Beyond the issue of tactics, there’s a more fundamental issue. I think the best way to explain this might be by using an example from World War II when we made a decision to support the Soviet Union against the Germans. Some countries in certain circumstances must be supported no matter how unpleasant it might seem. A cut off of aid to Turkey, for example, would create larger problems even if we felt Turkey had acted incorrectly. We must not confuse what is convenience with what is essential. Congress has every right to question when issues of national security are raised. Even in national security issues, we should use what influence we have to promote the basic fundamentals of human rights. In determining values we must first define our terms. American institutions cannot be automatically translated and made meaningful to every country in the world.
[Page 259]I look upon the present as being similar to the period right after 1945. We have all suffered, we lack national self confidence and the resources to do many of the things that we would like to do. We cannot afford internal splits at this time. I will do my best to get policies on human rights which you can support, but foreign aid is very important and you must understand that we are not going to be able to meet this stiff criteria which you are setting for human rights in all instances.
Congressman Gibbons: It is the emphasis on military aid which bothers us.
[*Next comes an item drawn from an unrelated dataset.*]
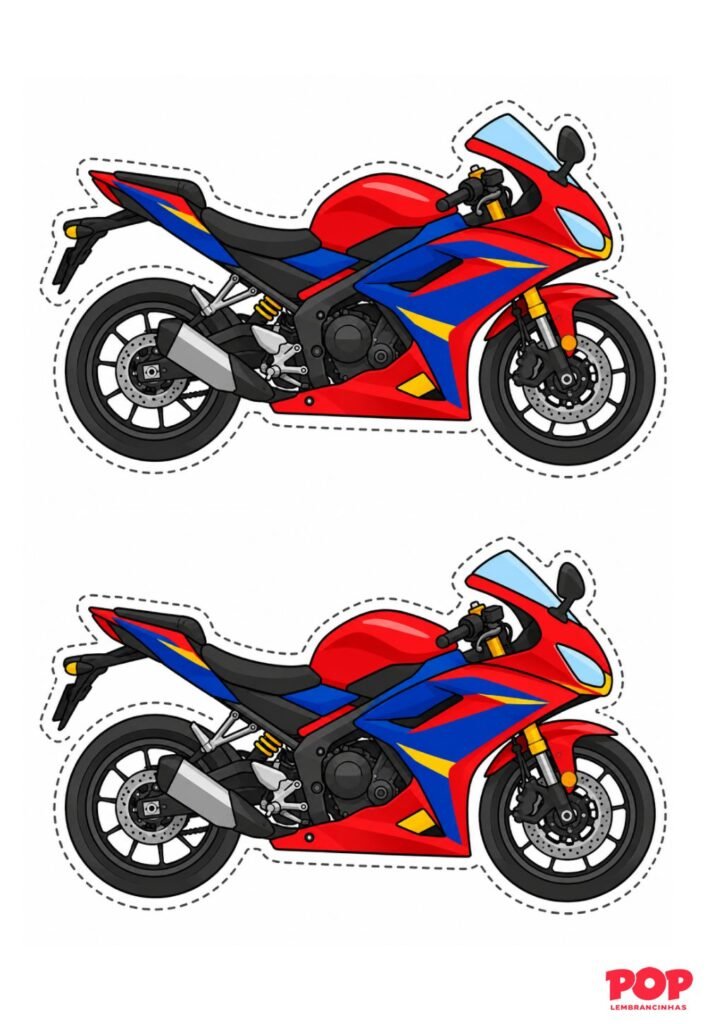 Moldes de Motos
We can see a situation where the United States gets into giving aid to both sides as they did in the Indo-Pakistan situation a couple of years ago.
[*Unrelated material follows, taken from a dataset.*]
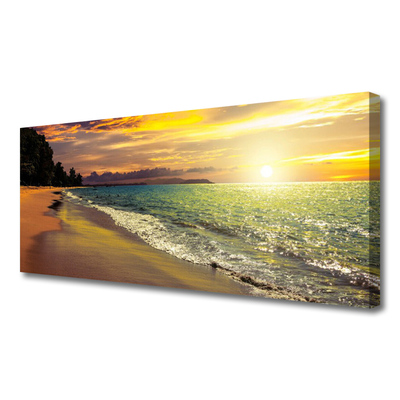 Canvas foto Sun beach overzees landschap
The Secretary: I think we have to look at the nature of the military governments. The juntas which we find in power in many parts of the world have often imposed themselves on reluctant populations. You can ask the question why do the military take over. Often the military is the only group in the developing society which is open to commoners. An oligarchy is in power and controls everything. The military offers one way that a person can move his way from the bottom to the top. Take the case of Peru. We’re not giving any aid to Peru at the present time, but our inaction is for the wrong reasons. I think it was probably because of the IPC expropriations a couple of years ago. Now the Soviets have sold weapons to Peruvians and the Cubans are offering training to them. Their neighbors are all upset. If we offered training and weapons to countries like Peru, then we have a better control over their policies.
Take the example of Korea. Korea has a very strong powerful enemy to the north. The Japanese and other countries in the area rely very heavily on Korea for stability. In the Indo-Pakistani situation the continuing need for spare parts provides us with some influence over their military policies.
Congressman Bingham: Could you please address the $20 million supplemental program for aid to Korea which is tied to the improvement in the human rights situation.
The Secretary: I haven’t thought it through. We’ll have to track it down after the meeting. Let me have a chance to think about it. I can say this though, that we won’t chisel you on the aid or we won’t fight you about it.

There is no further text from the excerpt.